Dopo il prolungato lockdown che ha coinvolto la quasi totalità degli stati del mondo, il nostro pianeta stava tirando un “sospiro di sollievo”: per la prima volta da decenni l’aria e l’acqua risultano meno inquinati, grazie soprattutto al blocco dei trasporti ed anche di molte fabbriche per settimane.
Ma un disastro ambientale è appena arrivato a interessare la zona artica: secondo quanto chiarito da Svetlana Radionova, responsabile dell’organo federale per la tutela dell’ambiente (Rosprirodnadzor), in seguito a un calo di pressione nella centrale termo-elettrica TEZ-3 presso Norilsk, 300 km oltre il Circolo polare, 20mila tonnellate di combustibile diesel e lubrificanti sono fuoriuscite da una cisterna.

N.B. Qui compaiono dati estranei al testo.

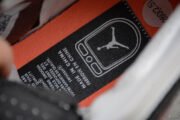 Jordan 1 High Zoom Air CMFT Canyon Rust (W) CT0979-602 - Image 3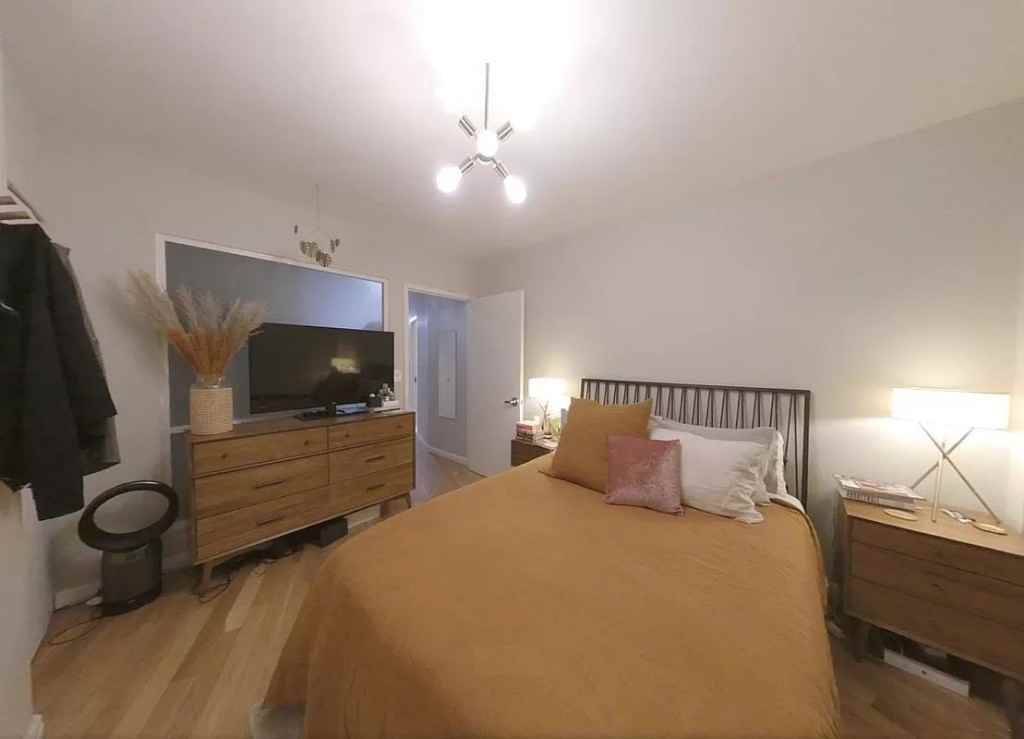 John St #323 - Photo 3 of 20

Ben 15mila tonnellate si sono riversate nei corsi d’acqua vicini, 6.000 sono state assorbite dal terreno.
Il disastro è avvenuto lo scorso 29 maggio ma solo in queste ore è venuto alla luce e quindi rimbalzato sui media internazionali.
Il presidente russo, Vladimir Putin, ha immediatamente ordinato lo stato d’emergenza per concentrare quante più risorse possibile nell’operazione di decontaminazione: si tratta del secondo più grave incidente del genere nella storia della Russia moderna, in termini di volume di sostanze tossiche fuoriuscite.
Il triste primato è detenuto ancora dalla fuoriuscita di greggio verificatasi per diversi mesi nel 1994, nella regione di Komi.